> **WORK ITEM**
Set down each record below precisely, skipping the pictures.

> **Excerpts from a dataset**

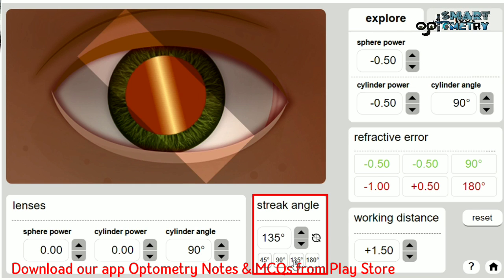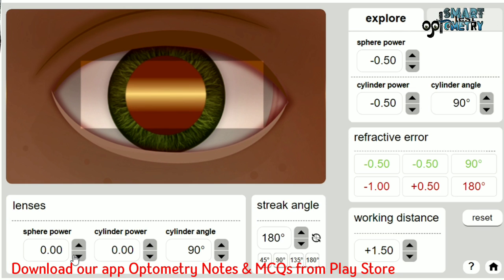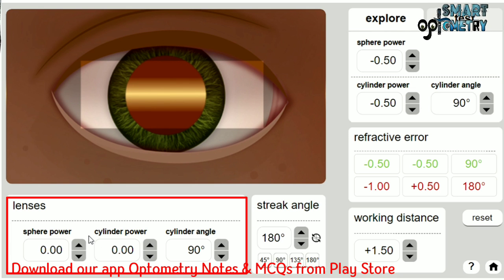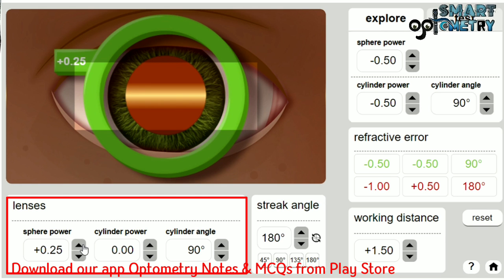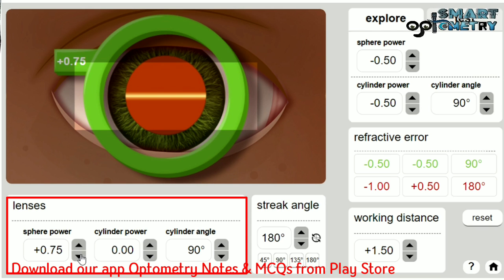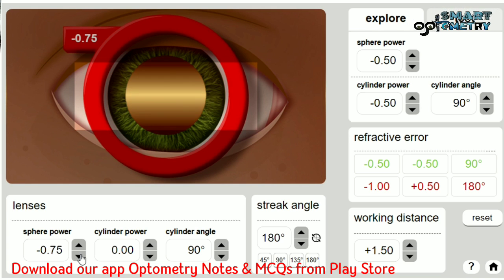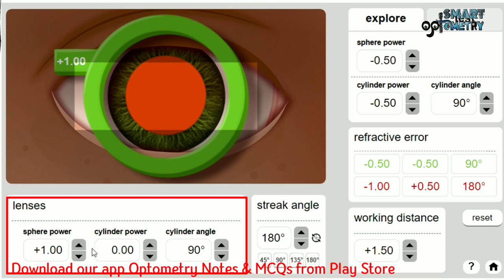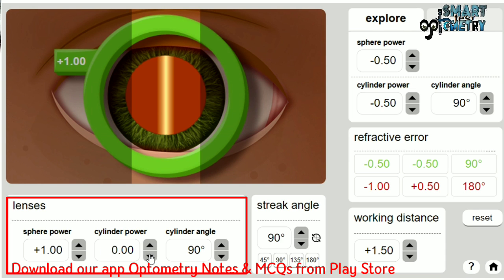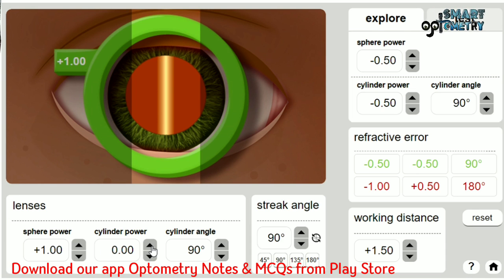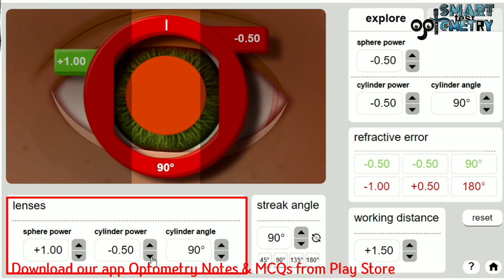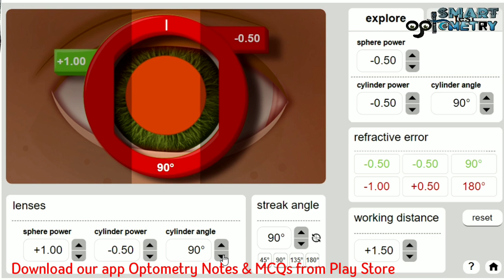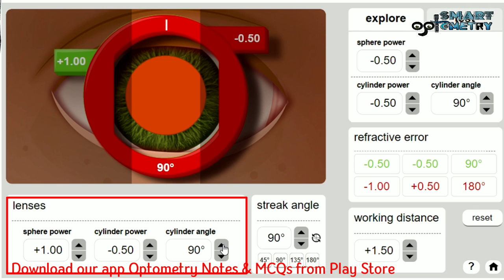Here you can choose the orientation of the axis and select your working distance power. Here you can choose the angle of the streak to find the principal meridian. You will use trial lenses to neutralize the patient's refractive error. Spherical trial lenses are available to neutralize one meridian — top button gives plus spherical, bottom gives minus. Cylinder trial lenses are also available — top button gives plus cylinder, bottom gives minus cylinder trial lenses.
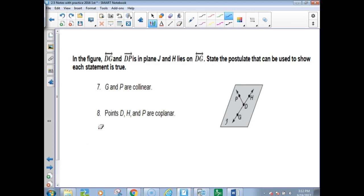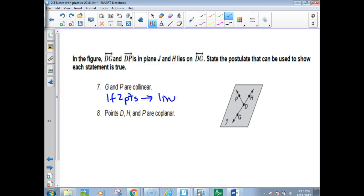Your only page for homework is going to be the very last page. In this figure, lines DG and DP are in plane J, and H lies on line DG. State the postulates you can use to show each statement is true. 'D and P are collinear.' D and P have to be collinear because if two points, then you have a line — if two points, then one line. That's postulate 2.1.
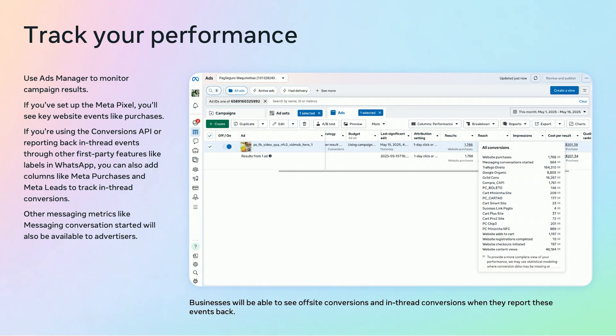Once your campaign is live, head to Ads Manager to track results. If you have set up the Meta Pixel, you will be able to track key website events like purchases. If you have set up the Conversion API and are reporting in-thread events through first-party features like labels in WhatsApp, you can also add columns like Meta purchases and Meta leads. This allows you to measure in-thread and offline conversions alongside your website events, giving you a more comprehensive view of your ads' performance.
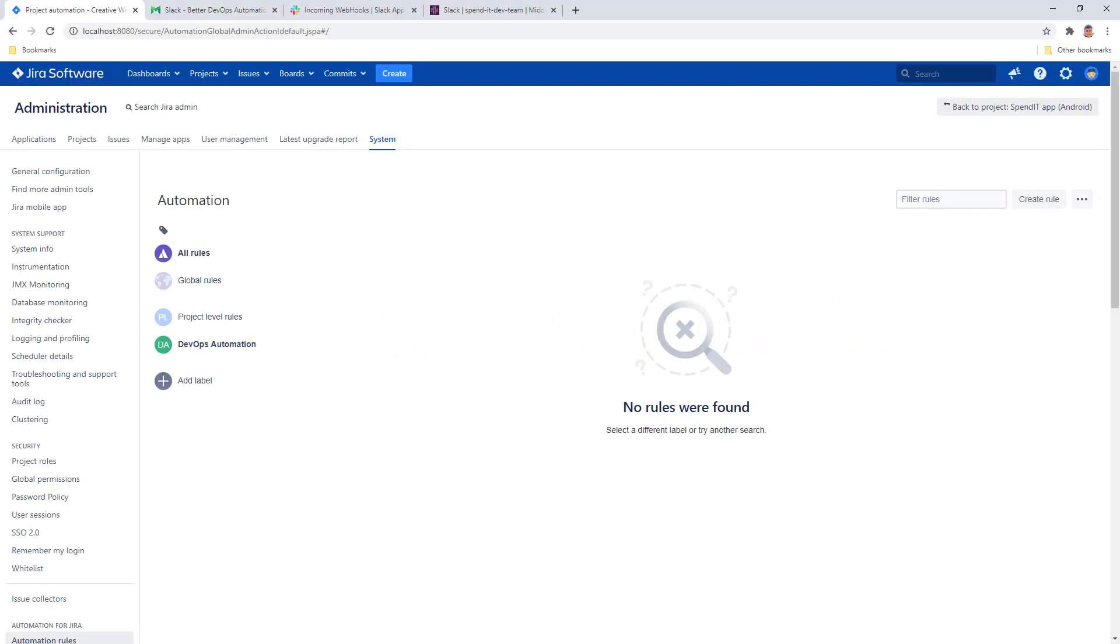Let's see how we can create a DevOps automation rule that will send out a Slack message every time there is an accepted change set in the repository.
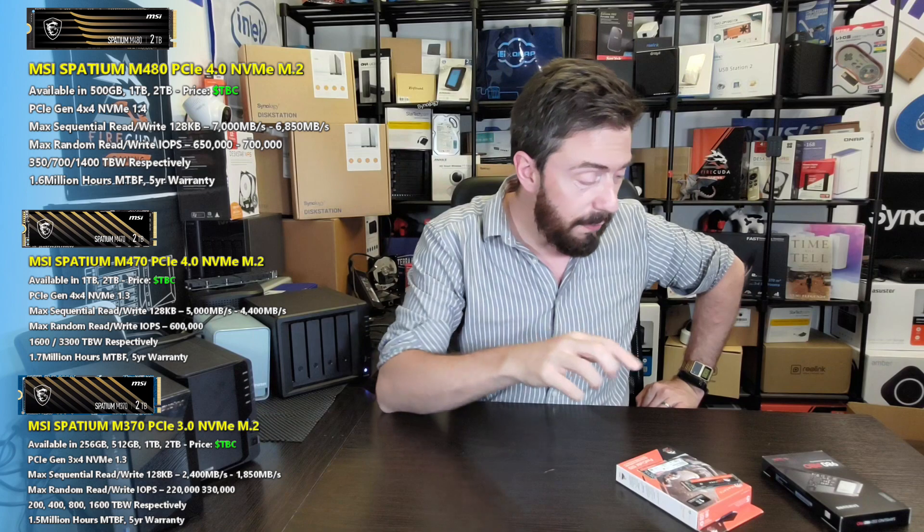They're not available for purchase in the same way as the FireCuda 530s, but these are still impressive architecture SSDs that are arriving. Once again, if you are in the market for buying a new laptop or a new PC right now, it might be worth considering long-term and paying that little bit extra to go for something that's got a PCIe Gen 4 M.2 slot.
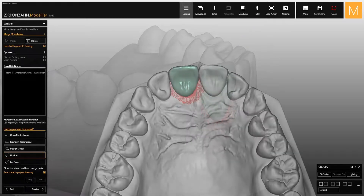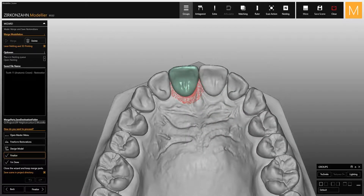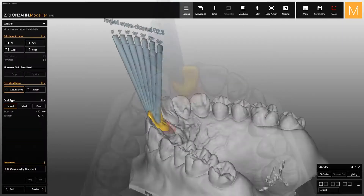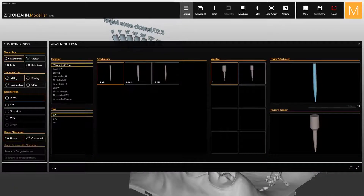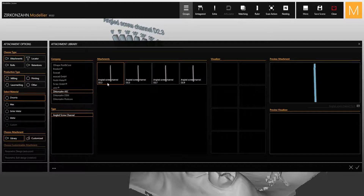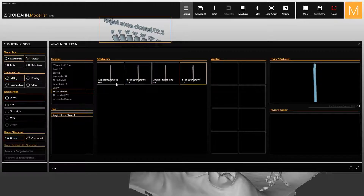To create the screw channel, the pre-visualization of the screw channel angles will be used. Click on the free modeling button and open the attachment library. Inside the window you will find different attachments. If you select Zirconzen ASC you will see all the attachments for angled screw channels, each with a different diameter. To choose the correct attachment, check which diameter is marked on the screw channel scan, then select the corresponding attachment.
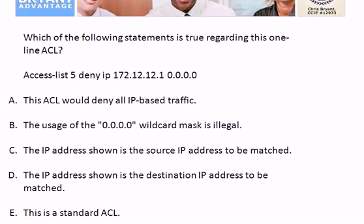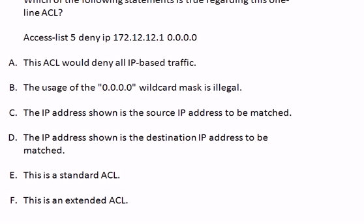For the ACL question: we have a one-line ACL, and that one line is an explicit deny, which means it's going to deny everything. Don't forget the implicit deny — that's the invisible deny at the end of all explicitly written statements. Anytime you see lines in an ACL that only say deny with no permit anywhere, it's going to deny everything. The wildcard mask shown is legal. And by that access list number, we know this is a standard ACL — it falls in one of our two standard ACL numeric ranges. Therefore, the IP address shown is the source IP address to be matched on, because that's all standard ACLs can match on.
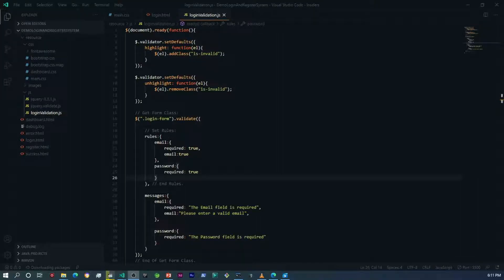Hey, what's up guys. Welcome to my channel. In this video, we're going to be focusing on the front-end validations for the registration form.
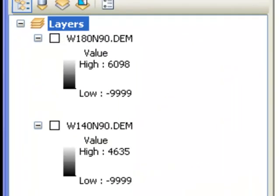Welcome back. In this session we're going to start working with elevation rasters, also called digital elevation models or DEMs.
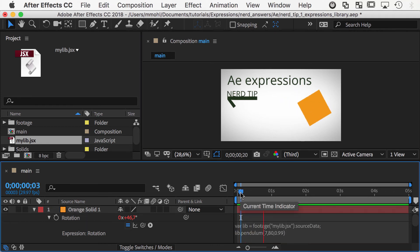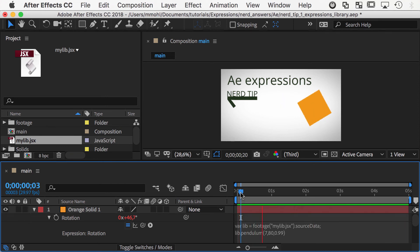Note that this only works in After Effects CC 2015.1 or newer, and have fun building your own expressions libraries.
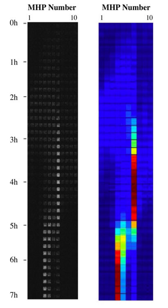For example, some salamanders forego metamorphosis and sexually mature as aquatic neotenes. The seasonal duration of wetlands and the migratory range of the species determines which ponds are connected and if they form a metapopulation.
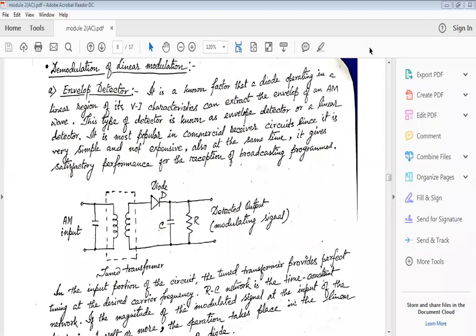Hello students, today we are back. In the previous session we started the generation of amplitude modulation. Today we will start with the detection of linear modulation or amplitude modulation. We will study three processes: the envelope detector, the synchronous detection method, and due to the limitations of synchronous detection, we will come to the Costas receiver.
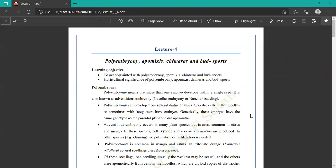Lecture number 4 covers Polyembryony, Apomixis, Chimera, and Bud Sports.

> **TASK OUTPUT**
Here you can choose the orientation of the axis and select your working distance power. Here you can choose the angle of the streak to find the principal meridian. You will use trial lenses to neutralize the patient's refractive error. Spherical trial lenses are available to neutralize one meridian — top button gives plus spherical, bottom gives minus. Cylinder trial lenses are also available — top button gives plus cylinder, bottom gives minus cylinder trial lenses.
Your only page for homework is going to be the very last page. In this figure, lines DG and DP are in plane J, and H lies on line DG. State the postulates you can use to show each statement is true. 'D and P are collinear.' D and P have to be collinear because if two points, then you have a line — if two points, then one line. That's postulate 2.1.
Once your campaign is live, head to Ads Manager to track results. If you have set up the Meta Pixel, you will be able to track key website events like purchases. If you have set up the Conversion API and are reporting in-thread events through first-party features like labels in WhatsApp, you can also add columns like Meta purchases and Meta leads. This allows you to measure in-thread and offline conversions alongside your website events, giving you a more comprehensive view of your ads' performance.
Let's see how we can create a DevOps automation rule that will send out a Slack message every time there is an accepted change set in the repository.
They're not available for purchase in the same way as the FireCuda 530s, but these are still impressive architecture SSDs that are arriving. Once again, if you are in the market for buying a new laptop or a new PC right now, it might be worth considering long-term and paying that little bit extra to go for something that's got a PCIe Gen 4 M.2 slot.
To create the screw channel, the pre-visualization of the screw channel angles will be used. Click on the free modeling button and open the attachment library. Inside the window you will find different attachments. If you select Zirconzen ASC you will see all the attachments for angled screw channels, each with a different diameter. To choose the correct attachment, check which diameter is marked on the screw channel scan, then select the corresponding attachment.
For the ACL question: we have a one-line ACL, and that one line is an explicit deny, which means it's going to deny everything. Don't forget the implicit deny — that's the invisible deny at the end of all explicitly written statements. Anytime you see lines in an ACL that only say deny with no permit anywhere, it's going to deny everything. The wildcard mask shown is legal. And by that access list number, we know this is a standard ACL — it falls in one of our two standard ACL numeric ranges. Therefore, the IP address shown is the source IP address to be matched on, because that's all standard ACLs can match on.
Hey, what's up guys. Welcome to my channel. In this video, we're going to be focusing on the front-end validations for the registration form.
Welcome back. In this session we're going to start working with elevation rasters, also called digital elevation models or DEMs.
Note that this only works in After Effects CC 2015.1 or newer, and have fun building your own expressions libraries.
For example, some salamanders forego metamorphosis and sexually mature as aquatic neotenes. The seasonal duration of wetlands and the migratory range of the species determines which ponds are connected and if they form a metapopulation.
Hello students, today we are back. In the previous session we started the generation of amplitude modulation. Today we will start with the detection of linear modulation or amplitude modulation. We will study three processes: the envelope detector, the synchronous detection method, and due to the limitations of synchronous detection, we will come to the Costas receiver.
Lecture number 4 covers Polyembryony, Apomixis, Chimera, and Bud Sports.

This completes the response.